Form is a relationship. When writers, painters or theatre-makers choose, adapt or even fabricate from nothing a form for their work ­– a world, frame or register in which their work has its being and communicates whatever it communicates – they do so with a relationship in mind. It is when that relationship is instantiated, in the act of reading or viewing, that the form of the work is realized. Until that moment, form does not really exist. This may not be obvious in the case of a painting or a sculpture, of which it might make some kind of sense to say that the object or product, in either two or three dimensions, possesses a form in-itself: it is just this shape or this arrangement of marks on such and such a surface of these particular dimensions that constitutes the form of the work.

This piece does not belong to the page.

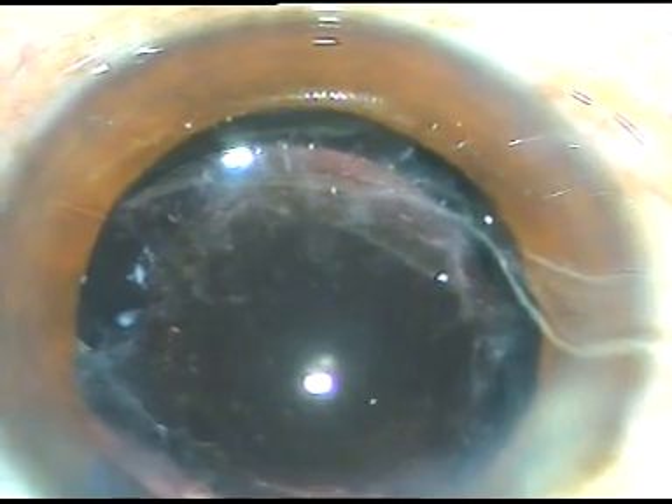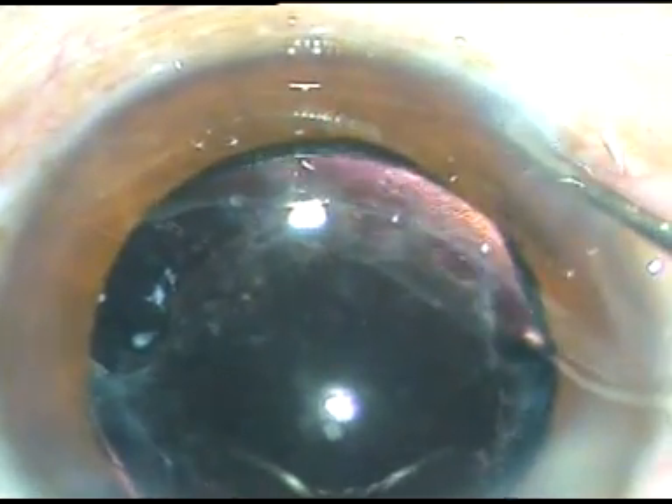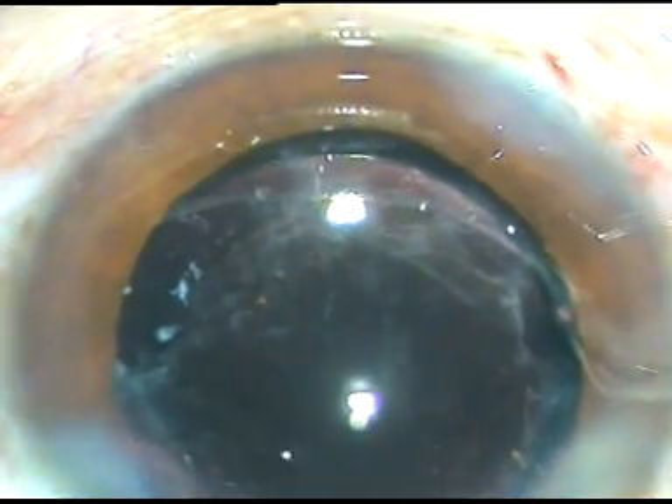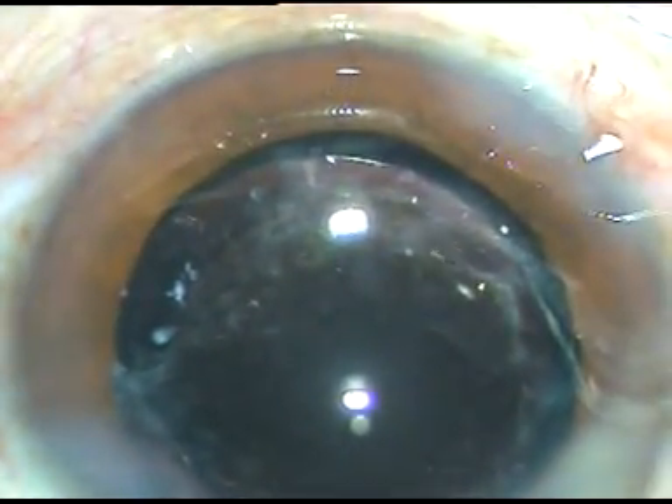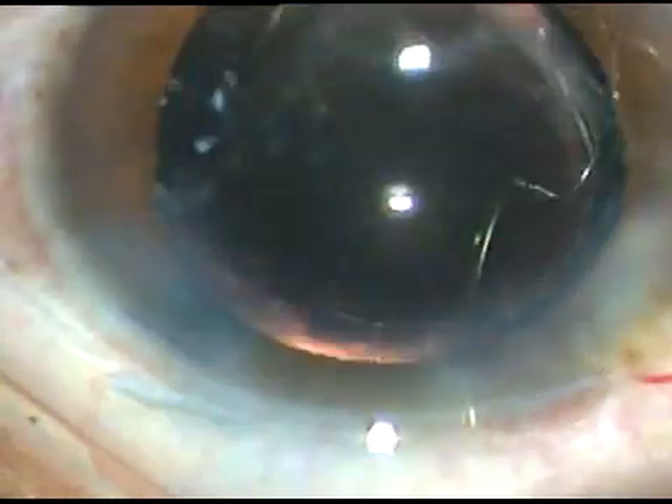My colleagues, we must be very meticulous in removing this viscoelastic substance to avoid post-operative rise of intraocular pressure. If you have done a nice surgery but the intraocular pressure is raised, the patient will have steamy corneal edema and pain. Now the side ports are hydrated, these wounds are made watertight, and a final wash at higher magnification is given with BSS — even for free-category patients, I give this final wash with BSS. Thank you very much for your attention; I hope this video will help you in your practice.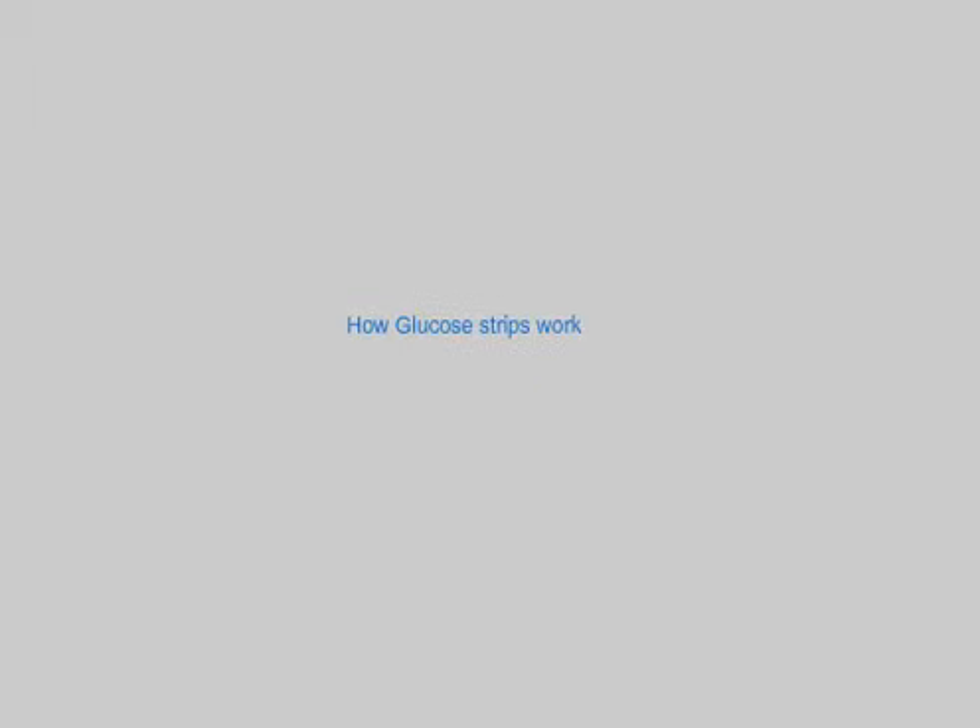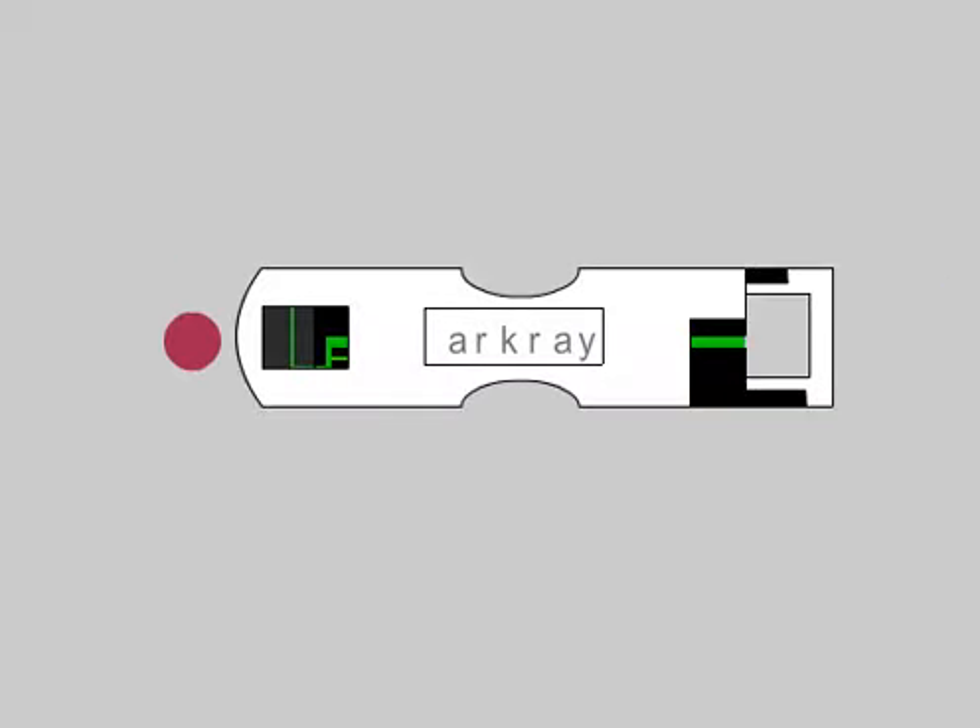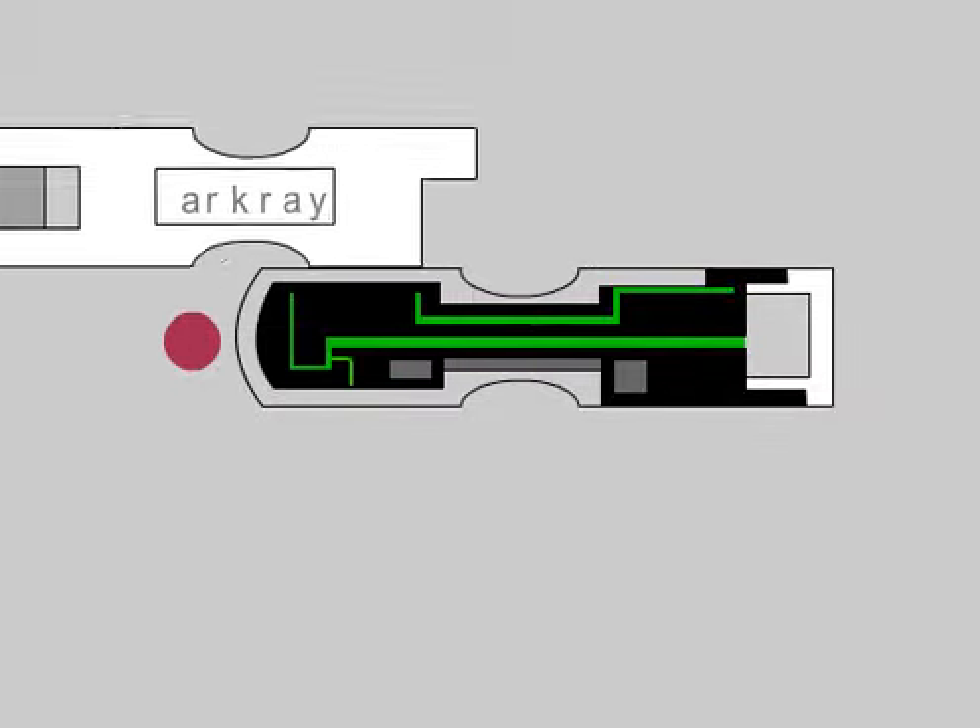How Glucose Strips Work. Sensors use an enzyme called glucose oxidase. They are constructed on electrodes and use a mediator.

But in the case of theatre it seems clear that form is a relationship. Of course there are examples of theatre practice in which the performance that is the work appears, or perhaps pretends, to behave as though its spectators did not exist. But this appearance or pretence is always just that, since it is always embedded in a framing recognition that, even if it is being ignored or excluded, the audience is there and the work would not be there without them. Nor is the audience an abstract audience. Each member brings with them their own ‘content’, ranging from their ‘brain’ to their social and economic circumstances, none of which they leave in the cloakroom (see Brecht). Form, we might suppose, then, is the relationship instantiated in the performance among the actions, objects and images, the spectators, their ‘brains’ and the institutional circumstances under which all these elements are brought together. This is not simply a relationship of simultaneity, circumscribed by the ‘live’ co-presence of all these elements, but one in which histories, memories and returns also play their part. The form may be partially achieved before the performance in question, then, in that both production choices and a larger set of historical experiences will have determined the range of possible forms that might appear in any given performance. But the form cannot be achieved until it is activated in its relationship with a particular historical audience.